* [Requirement]:
Only one span of the material below is wanted. Output it exactly, from the line with "Reiss Serena Stretch-Cotton" through the line with "Настольная лампа керамическая", without any pictures.

* [Data records]:
***
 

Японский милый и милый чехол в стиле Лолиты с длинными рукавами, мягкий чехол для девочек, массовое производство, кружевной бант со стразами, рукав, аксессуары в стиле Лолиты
***
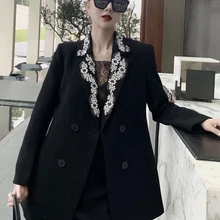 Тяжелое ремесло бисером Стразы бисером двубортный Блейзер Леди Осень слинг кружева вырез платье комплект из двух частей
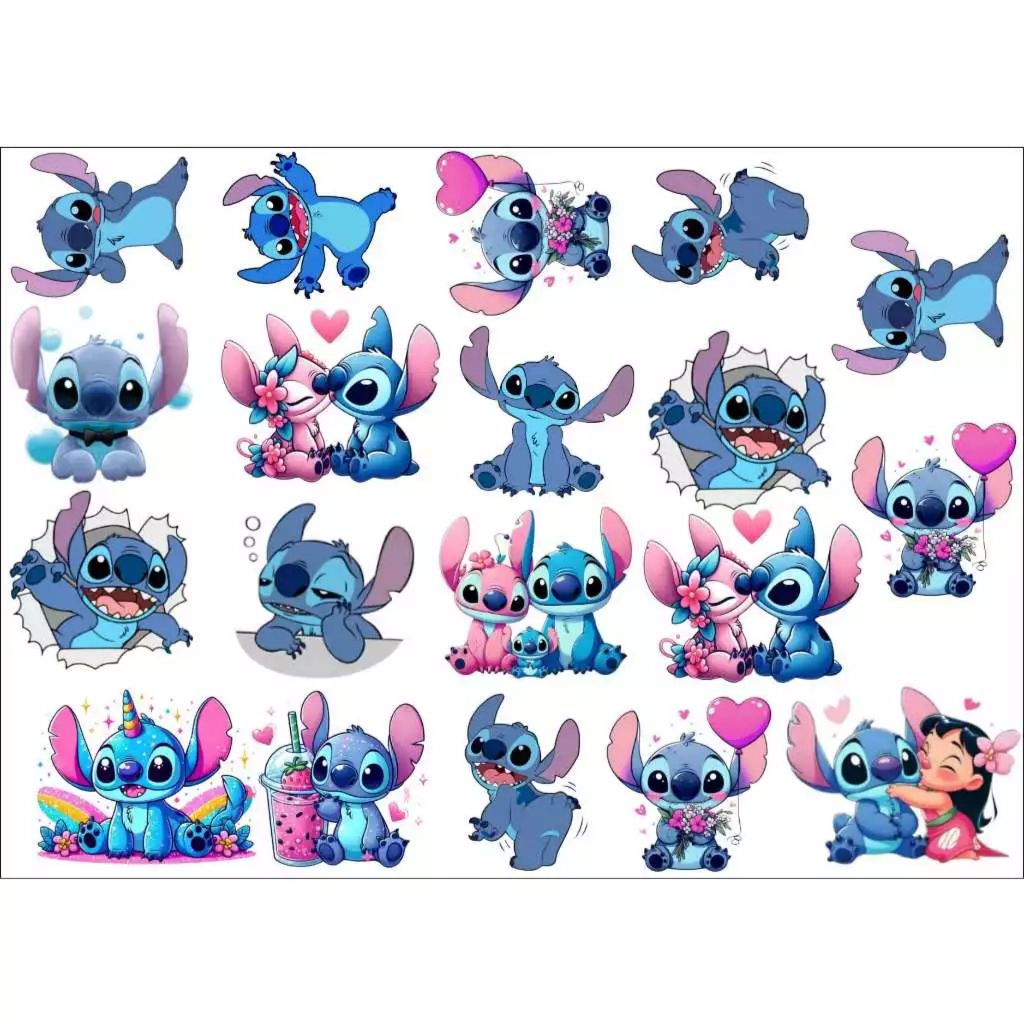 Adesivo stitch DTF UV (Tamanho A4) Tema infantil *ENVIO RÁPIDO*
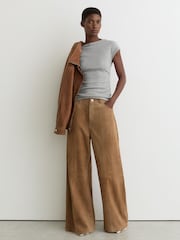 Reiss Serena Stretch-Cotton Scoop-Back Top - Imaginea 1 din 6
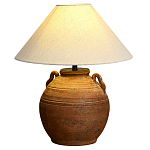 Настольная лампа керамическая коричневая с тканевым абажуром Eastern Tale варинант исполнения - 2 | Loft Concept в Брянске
***
* [Answer area]:
 Reiss Serena Stretch-Cotton Scoop-Back Top - Imaginea 1 din 6
 Настольная лампа керамическая коричневая с тканевым абажуром Eastern Tale варинант исполнения - 2 | Loft Concept в Брянске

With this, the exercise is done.